John Bankston at Walter Maciel Gallery. Photo credit: Shana Nys Dambrot.
John Bankston: The Sky Above Us
Walter Maciel Gallery, Culver City
Through June 30
By Shana Nys Dambrot
The predicated, corollary, problem-solving relationship between line and color that unfolds across a pristine coloring book animates the paintings of John Bankston. It’s a stylistic and material process he sets up for himself, by first drawing directly on the canvas before reaching for his palette. But it’s also a dynamic amplified by qualities of image and content within the compositions themselves. A serial, if not linear, narrative with recurring characters and motifs gives his exhibitions the feeling of story; the charming eccentricities, economies of scale, wonderful costumes, props and settings suited to fairytale and folklore, and the consistency of the protagonist make it a storybook.
The somewhat schematic, stocky, and compressed way of depicting the universe of these paintings hearkens to aspects of Outsider and illustration-based artists. At the same time, Bankston not only employs this down-to-earth drawing style to portray fantastical scenes, but in bringing these to life makes use of sophisticated color-blocking, modelling and shading, and gestural texture. The result is that deconstructing the elements of the scene, the eye is offered a series of contained color fields. This is one signal that the artist is up to something more than a nostalgic stylistic citation. He creates pictorial space and dynamic surfaces that are more than just flat or uniform. As abstract passages, each shape gets more complex with deeper contemplation.

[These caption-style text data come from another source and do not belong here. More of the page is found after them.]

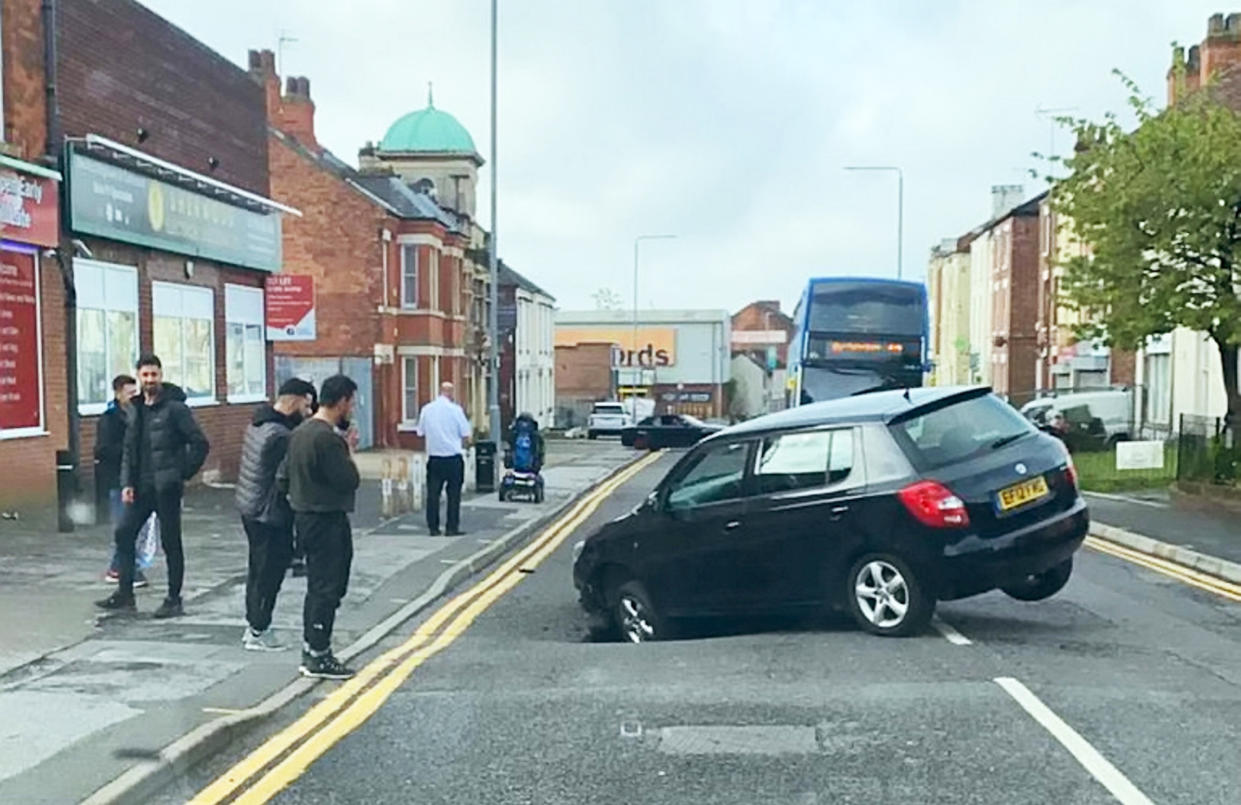 A massive sinkhole opened up in a busy street and swallowed a car causing cops to shut the road. See SWNS story SWLNsink.  The car was left wedged in the sinkhole with its front wheel trapped but incredibly no one was injured.  Road users on Carlton Road, Worksop, Notts., were forced to drive around the large sinkhole after it opened up at 9.00am on Saturday morning.  Cops were forced to close the road after the elderly Skoda Fabia driver accidentally trapped his car.  Locals said the area is prone to random holes forming as the road is built on top of an old drain.  Russell Gull, the owner of Res Barbers, helped the trapped driver out of his sunken car. 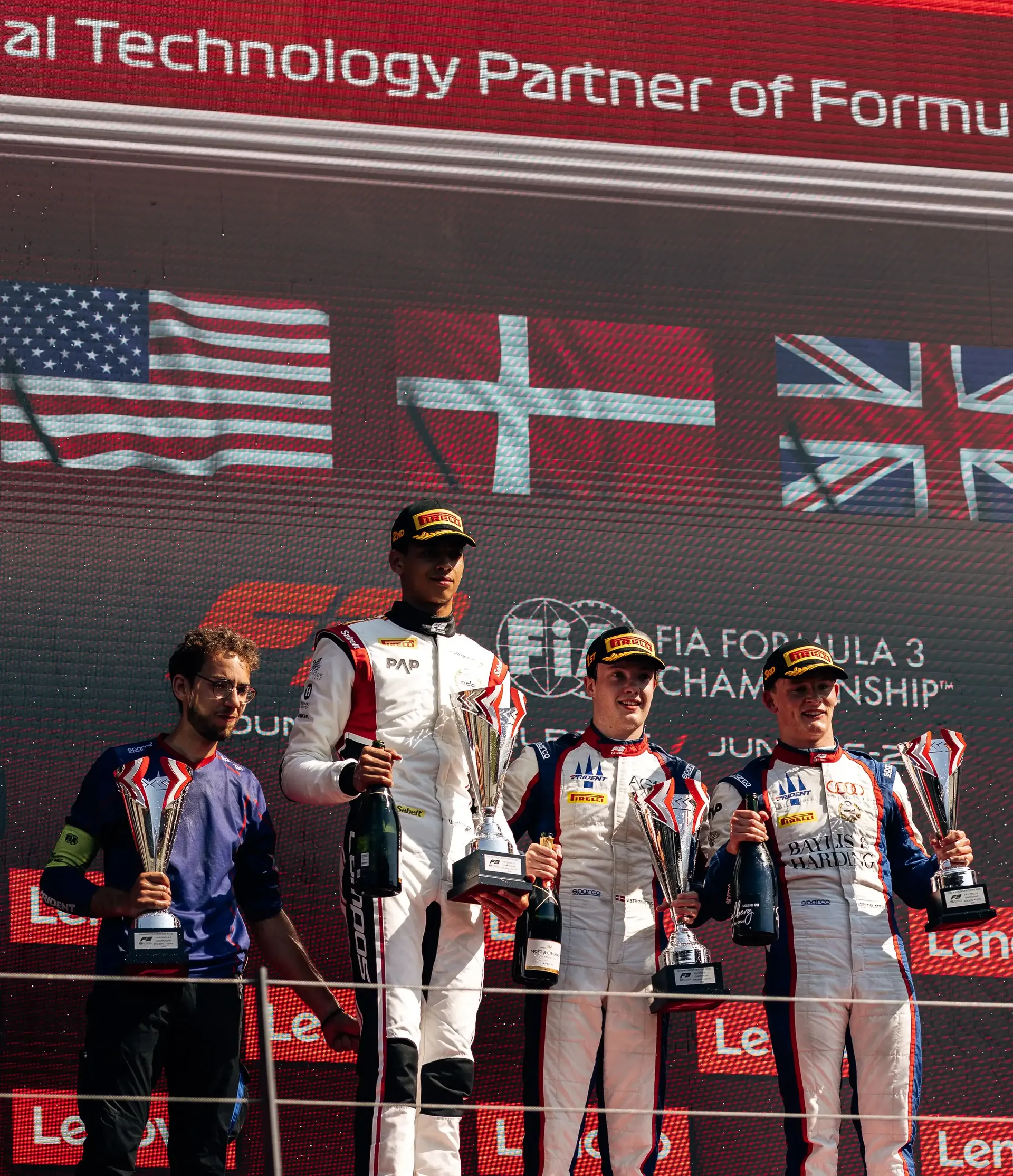 Freddie Slater celebrates with fellow podium finishers after the FIA Formula 3 Feature Race at the Austrian Grand Prix in Spielberg.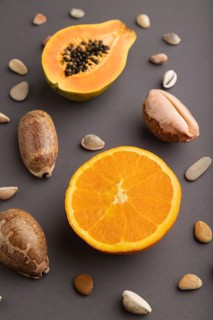 Ripe cut papaya, orange, seashells on gray pastel background. Side view, copy space. Tropical,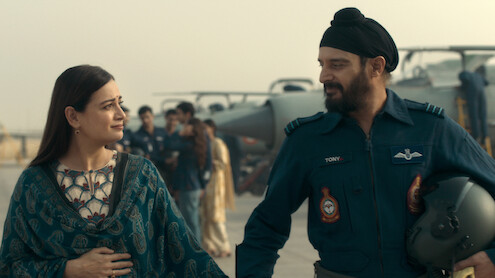 A woman and a male Air Force officer in uniform walk together on an airbase, with military aircraft and other personnel visible in the background, evoking a sense of camaraderie and support.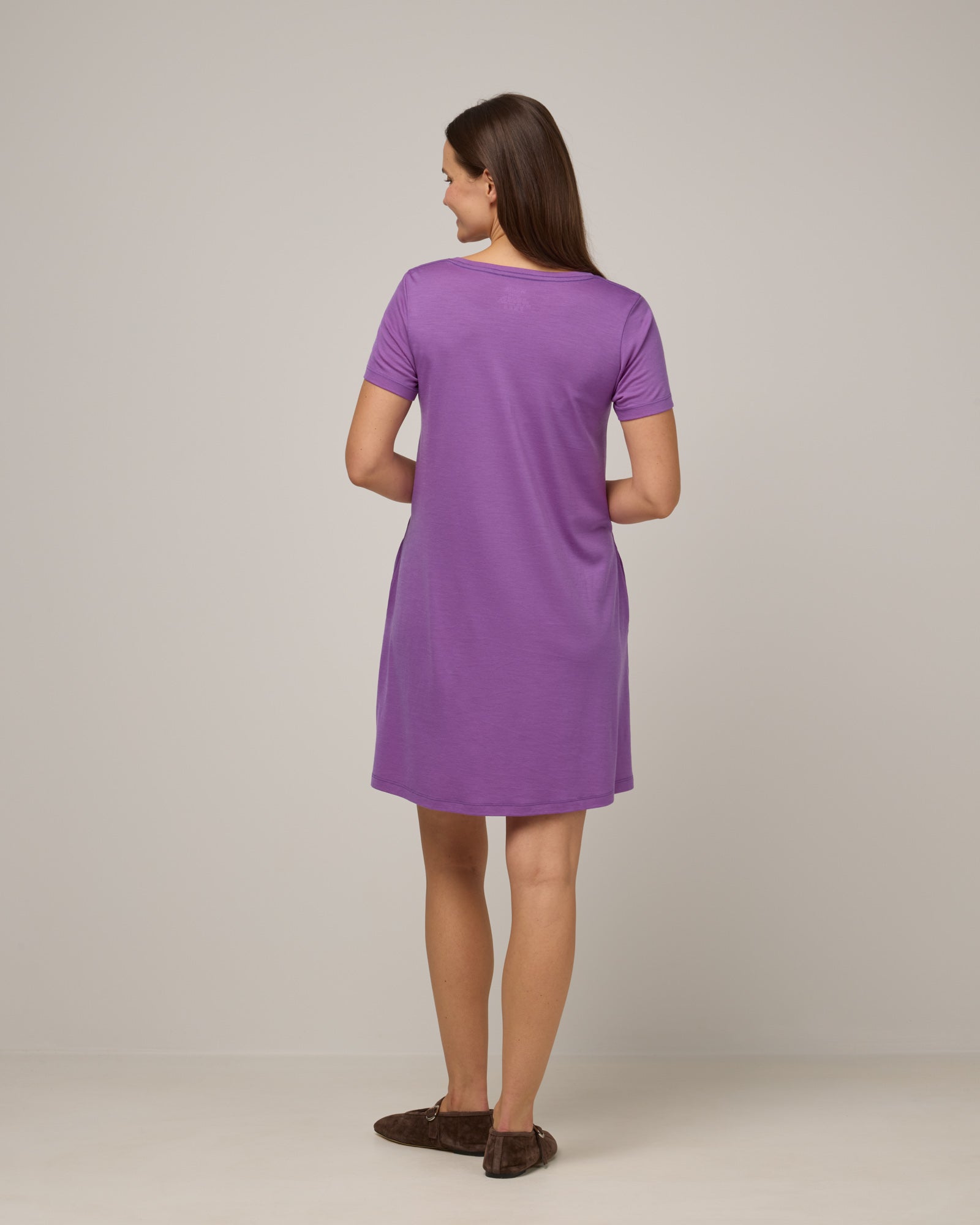 Model wearing Maggie Swing Dress in Purple Pansy, a bright, saturated purple color. Maggie Swing Dress is a merino wool short sleeve, scoop neck, knee length swing dress with pockets available in sizes XS-3X Regular, XS-3X Long.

This strategy moves the eye ,even as the images themselves move the mind, so that the whole alternates between archetype and anomaly.
There are also more overt references to art history, especially to Cubism, and especially to the instances where Picasso made a figure into a sort of biomorphic kaleidoscope that retains its humanity and emotional expressivity, even in the aftermath of realism’s subversion. In a fact a “tool” for doing this action appears in the main figure’s hand periodically across the works. But despite the range of sophisticated techniques and conceptual frameworks, the works undeniably present themselves within the children’s book idiom. Mainly, literature for children and young adults is tasked with ushering in some difficult or at least complex aspects of adulthood, and the use of fantastical imagery is a proven cognitive tactic to navigate those terrains. Often, the appeal of these stories lasts well beyond childhood, retaining or even growing their appeal as we grow older.

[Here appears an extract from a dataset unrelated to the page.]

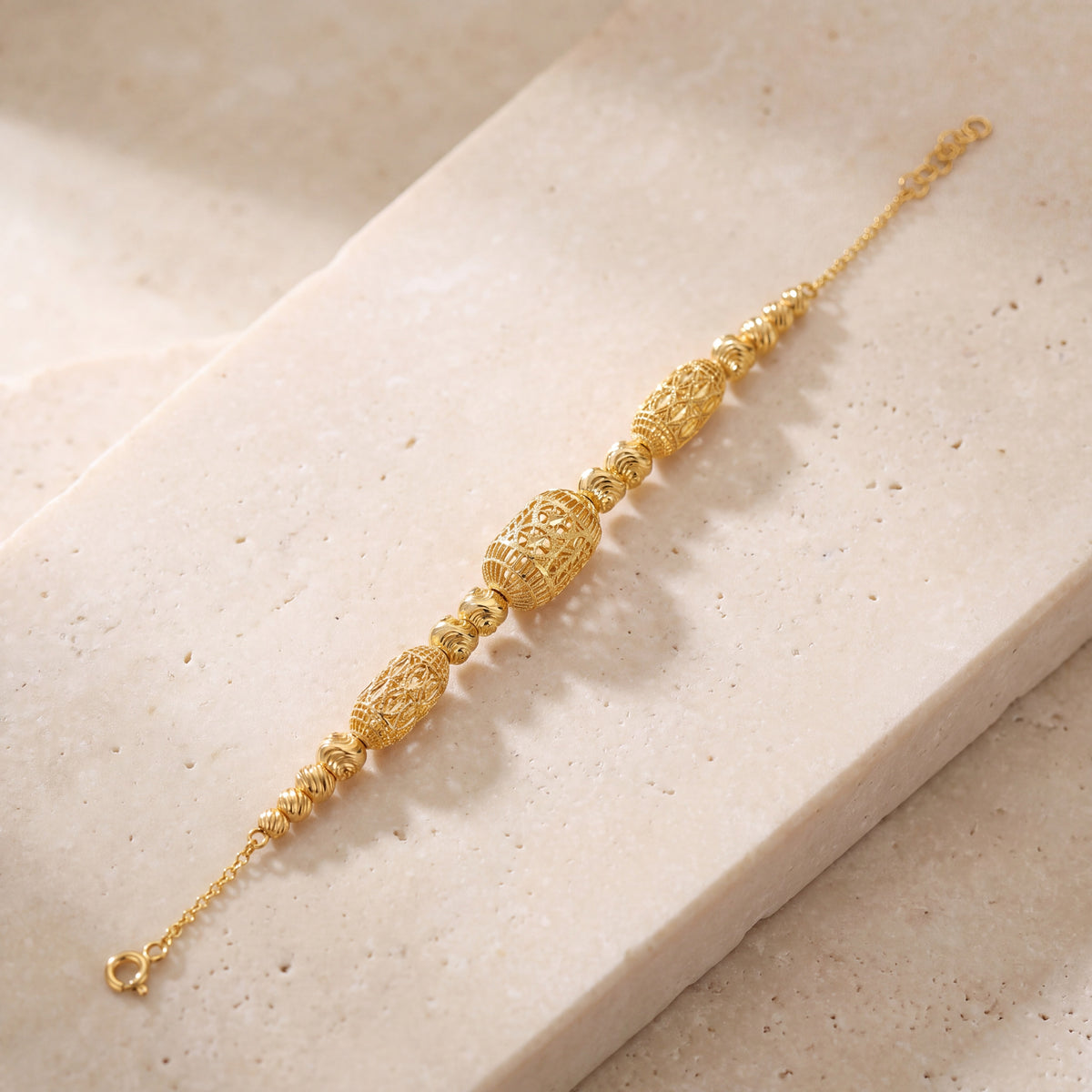 RP Beads & Ball Bracelet (D49) on travertine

This could be a thing about nostalgia, but more than that, there is an undeniable power in the revisitation of one’s childhood things with the benefit of hindsight, and maybe a measure of wisdom. A deeper, closer understanding to the old books, or a fresh attraction to the new books of today’s youth (for example, Alice in Wonderland versus Harry Potter) proves that the appeal is not only about one’s personal memories but indicates a more general desire for the state of consciousness they tap into. One in which all things are possible, animistic, malleable, and mysterious. One where your job is to try on aspects of identity, alter egos, super-powers, spirit animals, and masks — until you find the mix that feels most like yourself, and nurture it.
What if, Bankston seems to inquire, life was like that the whole time, all the way through. What if the process of individuation lasted a lifetime? How that proposition plays out on these canvases mirrors how it might play out in the subconscious. Without text we are left to interpret the scenes, symbolism, and costumes at will — to insert ourselves into the stories, just as intended. With support of craft and concept, the artist shows how this can sometimes be not only the function of fantasy, but also the function of art.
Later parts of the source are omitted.